Dans ses lignes directrices de 2024, l’OMS préconise de proposer à l’ensemble des femmes enceintes un dépistage entre 35 et 37 semaines de gestation. Lorsque le dépistage universel n’est pas possible, l’OMS recommande également une solution fondée sur le risque. Les femmes testées positives doivent recevoir des antibiotiques par voie intraveineuse, par exemple de la pénicilline ou de l’ampicilline, au moins quatre heures avant l’accouchement, afin d’éviter que le SGB soit transmis au nouveau-né. Cette démarche réduit d’environ 80 % le risque d’infection précoce chez le nouveau-né.(3) 

Chez le nouveau-né comme chez l’adulte atteint d’une infection à SGB, la méthode utilisée pour confirmer une infection sanguine grave est l’hémoculture. Si l’on suspecte une infection cérébrale, on peut recourir à la ponction lombaire pour détecter la présence des bactéries dans le liquide cérébral. Des tests PCR rapides sont également disponibles, qui permettent de détecter l’ADN du SGB dans le sang ou le liquide cérébral plus rapidement que par la culture, afin de pouvoir décider plus rapidement du traitement indiqué. 

Lutte anti-infectieuse

De bonnes pratiques d’hygiène à domicile et à l’hôpital peuvent réduire le risque d’infection tardive à SGB. Les principales mesures de lutte anti-infectieuse sont le lavage des mains, l’accouchement dans de bonnes conditions d’hygiène (c’est-à-dire en veillant à la propreté des mains, des ustensiles et des surfaces afin de garantir un environnement stérile) comme indiqué dans la liste OMS de contrôle pour la sécurité de l’accouchement, et, dans certains contextes, le nettoyage de la filière pelvigénitale à la chlorhexidine avant l’accouchement. 

Vaccination

Des vaccins pouvant être utilisés pendant la grossesse sont actuellement mis au point. Ces vaccins visent à générer des anticorps maternels protecteurs qui traversent le placenta et protègent le nouveau-né durant ses premiers mois de vie. Les modèles montrent qu’ils pourraient prévenir plus de 50 % des infections à SGB chez les nourrissons et qu’ils pourraient également réduire le risque de naissance prématurée et de mortinaissance. On ne sait pas exactement quand ces vaccins seront prêts, toutefois l’OMS s’attend à ce que les premiers vaccins maternels contre le SGB soient disponibles d’ici à 2030. 

Traitement 

Antibiotiques

Les nourrissons infectés par le SGB sont traités par antibiotiques administrés par voie intraveineuse. On leur administre généralement en premier lieu de la pénicilline ou de l’ampicilline, souvent en association avec de la gentamicine.
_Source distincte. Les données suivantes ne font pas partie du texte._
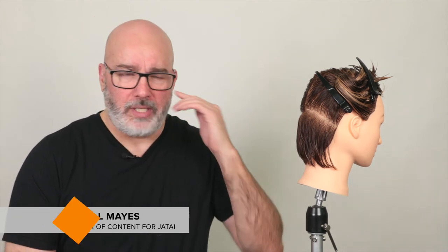Welcome to Jatai Scissor Fundamentals. Today we're going to work on a little graduation. When you're dealing with graduation, especially if you're getting really tight in the nape, it presents its own set of issues that you have to deal with. Today I'm going to be using the J355 from Jatai, and I'm dealing with a five and a half inch scissor.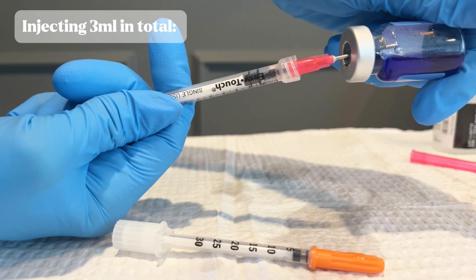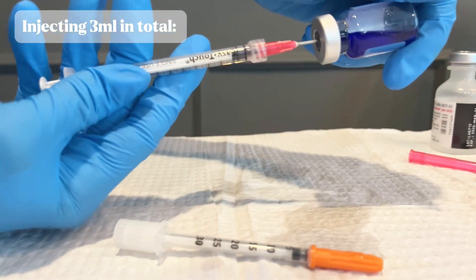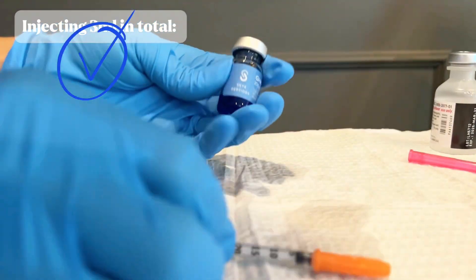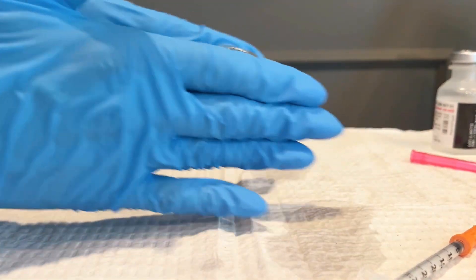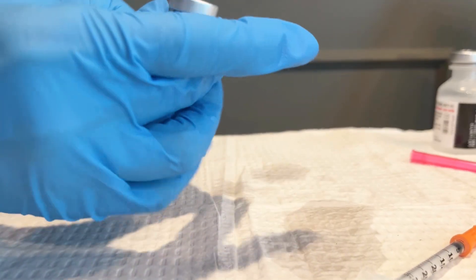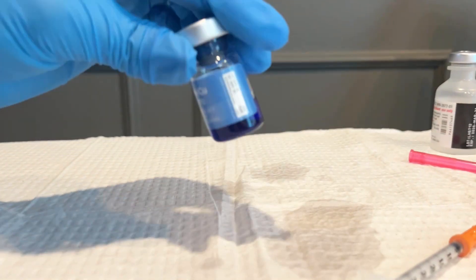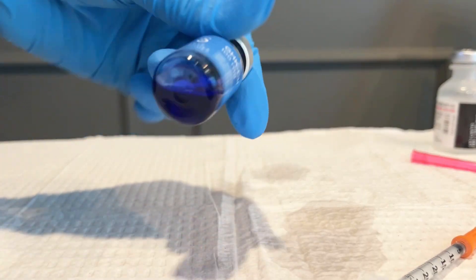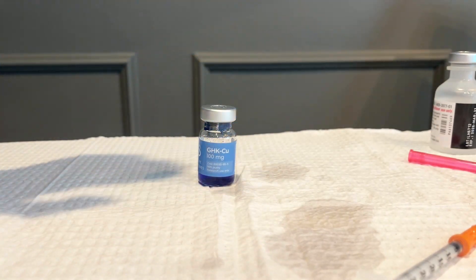I'm filling the syringe 3 times with exactly 1ml each time, injecting it slowly into my vial. Once I have all 3ml in my vial, I'm going to give it a gentle mix — always being gentle. I'm then going to place this in the refrigerator so it's protected from light and kept cold. It's going to sit for 1 hour to fully dissolve, so when I'm ready to do my first dose, everything is equally dissolved and I'm getting an accurate dose.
D’autres antibiotiques peuvent être administrés en cas d’allergie. Le traitement dure généralement entre 10 et 21 jours, selon la gravité de l’infection et la réponse du nourrisson au traitement. 

Soins de soutien

Les nourrissons présentant une infection grave à SGB peuvent nécessiter des soins de soutien intensifs, tels que des solutés intraveineux, de l’oxygénothérapie ou une ventilation mécanique, la prise en charge des crises convulsives ou d’un œdème cérébral, ainsi que le soutien nutritionnel aux nouveau-nés malades. 

Suivi à long terme

Les nourrissons qui survivent à une infection du cerveau causée par le SGB ont souvent besoin de soins continus. Il peut s’agir de tests auditifs, de contrôles de la croissance et du développement ou encore d’un traitement physique. Ce dernier implique généralement de la physiothérapie, mais il peut aussi inclure de l’ergothérapie ou de l’orthophonie, selon les besoins spécifiques de l’enfant. 

Complications et séquelles 

Certains nourrissons qui survivent à une infection grave à SGB peuvent souffrir de problèmes de santé à long terme. Environ 3 nourrissons sur 10 qui se remettent d’une méningite à SGB peuvent présenter des problèmes permanents comme une perte auditive, des crises convulsives ou des retards dans l’apprentissage du mouvement, de la parole ou de la pensée. Certains nourrissons peuvent également développer une paralysie cérébrale, qui affecte le mouvement et le contrôle musculaire. 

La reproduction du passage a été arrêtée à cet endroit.